Regional and digital
Adlershof-based IT company X-Visual is working with the HTW to create a concept for industrial mixed-reality applications
Digitisation, virtual reality, and artificial intelligence are revolutionising how industrial facilities are planned, built, and operated. The Adlershof-based software developer X-Visual Technologies has been a sought-after partner for such technologies and now plans to ramp up its efforts to promote them regionally. As the first Berlin-based company in this industry, it plans on creating a concept for industrial mixed-reality applications in cooperation with HTW Berlin, the University of Applied Sciences for Engineering and Economics, as part of the ‘Innovation and structural transformation / WIR!’ funding scheme.
X-Visual’s technologies are already the first choice for many when planning a new refinery, building food processing plants, or servicing chemical reactors. Using its intuitive software, X-Visual draws up so-called flowsheets that help to design and document manufacturing plants. Much like circuit diagrams, they include all a facility’s components – valves, pipes, pumps – and can be integrated into the real-life facility using artificial intelligence (AI) methods. Using mixed-reality applications (MR) like Microsoft HoloLens, a hologram-based software, real-life spaces can be virtually augmented with digital images and information. Workers thus continuously receive intuitive and up-to-date information on processes and equipment. These technologies are particularly suitable for training and preparing complex maintenance tasks in hazardous areas.
X-Visual also uses these technologies to support companies in making planning and production cheaper, more resource-saving, and more energy-efficient. Its customers and project partners include DÜRR Systems, Bayer, and Merck, but other smaller construction firms for industrial plants have also been appreciating their products and services for years. The company now plans to help smaller and medium-sized companies (SMEs) from the greater Berlin-Brandenburg region benefit from them, too.
‘Having said that, the plant construction industry is very conservative,’ says Jenny Orantek, head of marketing and sales at X-Visual. ‘When it comes to digitisation and the use of MR and AI technologies, we still have some persuading to do. It makes us all the more happier that the Federal Ministry for Education and Research set up the WIR! programme to give us a boost.’ The programme aims at strengthening economically underdeveloped regions by forging broad innovation alliances that are built on each region’s native skillset.
X-Visual shares responsibility for the project titled ‘MR4B - Mixed Reality for Business’ with HTW Berlin, a long-standing partner for transferring VR and MR concepts from the gaming industry into industrial application. Jens-Uwe Repke, a professor at the Institute for Process Engineering of Berlin’s Technical University, and 3PC, a digital innovation agency, are also on board. Forty-four networks from all over Germany have been selected for the programme’s first phase from 1 September 2020 until May 2021, during which they will work on their concepts. Lastly, the programme will fund 25 so-called alliances with maximum of 15 million euros each. During this implementation phase, the alliances come together to identify relevant issues and jointly launch R&D projects.

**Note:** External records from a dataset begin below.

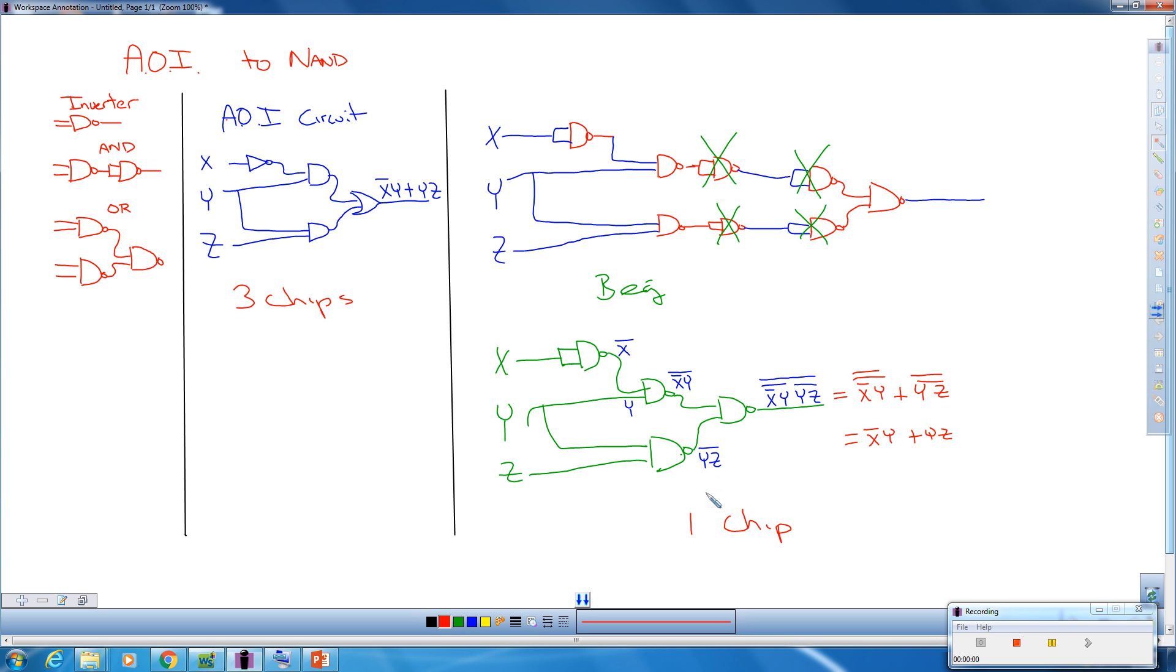So that's why NAND is so great. I can create any AOI circuit using NAND, and it is much, much more cost effective. This saved me 20 cents alone just on this one circuit.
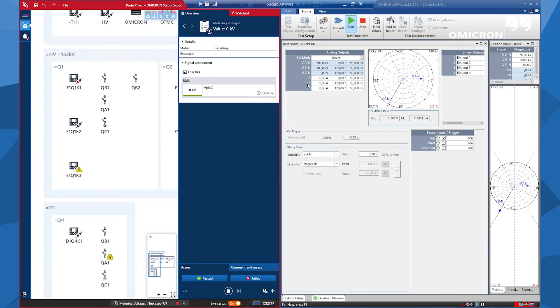So that was the demonstration for the metering test. When you go to the field for point-to-point testing of the signals, this is how you would proceed.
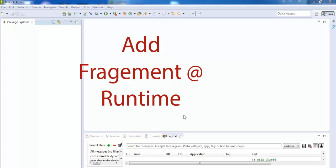Hi friends. Welcome to my YouTube channel. In this video, we will learn how to add Fragment dynamically in Android.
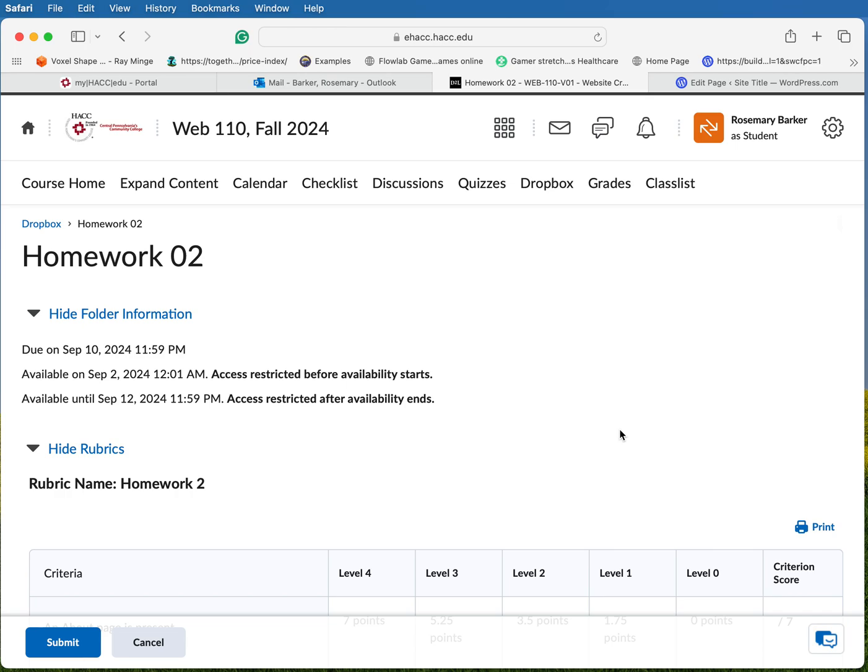Hello everybody. I wanted to walk you through how to create a clickable link inside of Brightspace for whenever you submit your homework assignments to me. So let's go through this together, okay?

‘We plan on gaining more regional users for our alliance in the following months to create an innovation ecosystem consisting of SMEs and larger companies to revive the historic Berlin-Brandenburg industrial region. Creating modern, digital jobs will strengthen rural areas,’ says Orantek.
Moreover, the project will involve disseminators like educational institutions and interest groups that will contribute to preparing people early on and carrying ideas into the companies.
There is still a lack of software for MR technologies to really make a breakthrough and to fundamentally alter existing workflows. This is something that will be addressed once long-term funding is in place. ‘When developing technologies, it is important to stay in touch with their users, in this case, the needs of SMEs,’ says Orantek. ‘We must empower and involve companies that have been less digital to open up to this world. Some have security concerns or difficulties overcoming entry barriers to using these technologies. It also tends to be a generational problem. As a technology company, we can’t afford coming across as aloof. We have to meet people half-way, listen to them, and highlight the benefits.’ These efforts will be helped along by a mobile showroom that gives people an opportunity to test and try things out early on. ‘Last but not least, it is important to put things in perspective and see the bigger picture,’ says Orantek. The technologies should also be adaptable to the region’s other important sectors like health care and tourism.